Crawled caption data
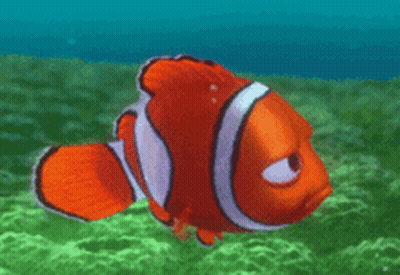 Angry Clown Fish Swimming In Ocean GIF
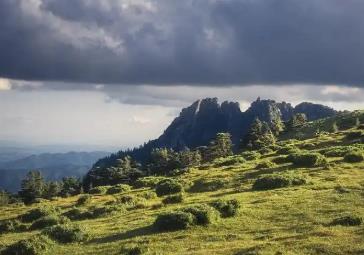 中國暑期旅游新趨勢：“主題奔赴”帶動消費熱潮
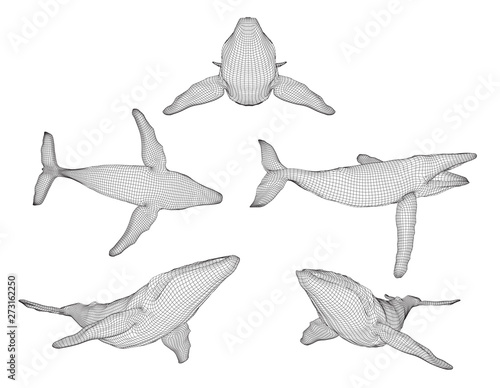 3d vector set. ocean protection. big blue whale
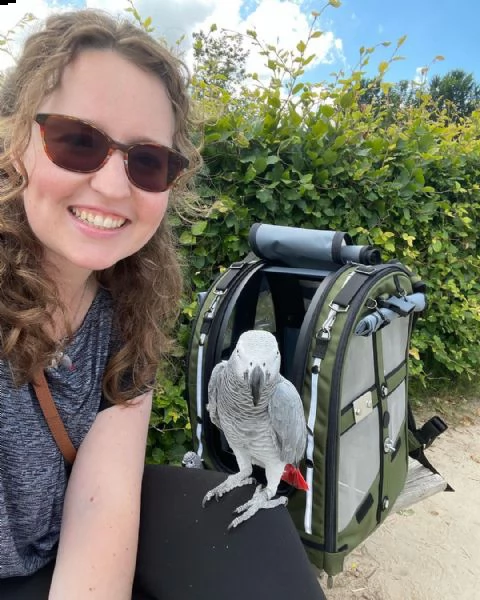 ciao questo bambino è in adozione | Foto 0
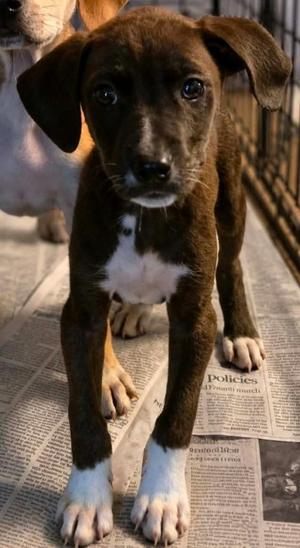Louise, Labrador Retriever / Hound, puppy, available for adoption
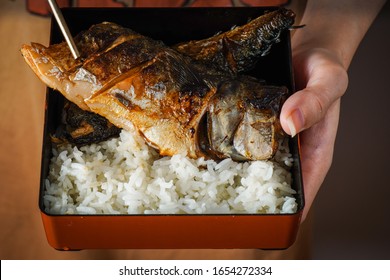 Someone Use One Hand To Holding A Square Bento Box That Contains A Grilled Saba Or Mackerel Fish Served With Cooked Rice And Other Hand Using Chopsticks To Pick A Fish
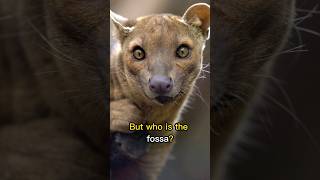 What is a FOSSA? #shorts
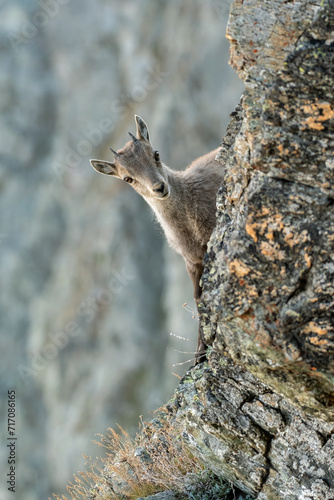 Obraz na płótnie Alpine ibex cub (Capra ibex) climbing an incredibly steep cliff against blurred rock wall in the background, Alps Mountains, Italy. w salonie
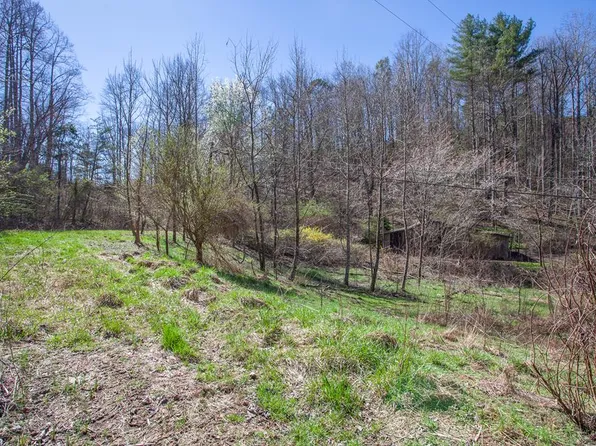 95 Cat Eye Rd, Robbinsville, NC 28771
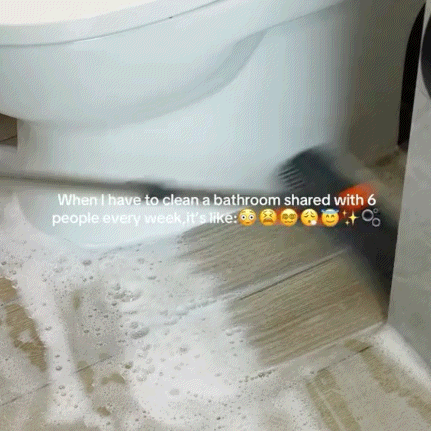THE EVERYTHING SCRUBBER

* **WORK REQUIRED**: Transcribe each entry above character for character, omitting pictures.

* **EXERCISE ANSWER**:
 Angry Clown Fish Swimming In Ocean GIF
 中國暑期旅游新趨勢：“主題奔赴”帶動消費熱潮
 3d vector set. ocean protection. big blue whale
 ciao questo bambino è in adozione | Foto 0
Louise, Labrador Retriever / Hound, puppy, available for adoption
 Someone Use One Hand To Holding A Square Bento Box That Contains A Grilled Saba Or Mackerel Fish Served With Cooked Rice And Other Hand Using Chopsticks To Pick A Fish
 What is a FOSSA? #shorts
 Obraz na płótnie Alpine ibex cub (Capra ibex) climbing an incredibly steep cliff against blurred rock wall in the background, Alps Mountains, Italy. w salonie
 95 Cat Eye Rd, Robbinsville, NC 28771
THE EVERYTHING SCRUBBER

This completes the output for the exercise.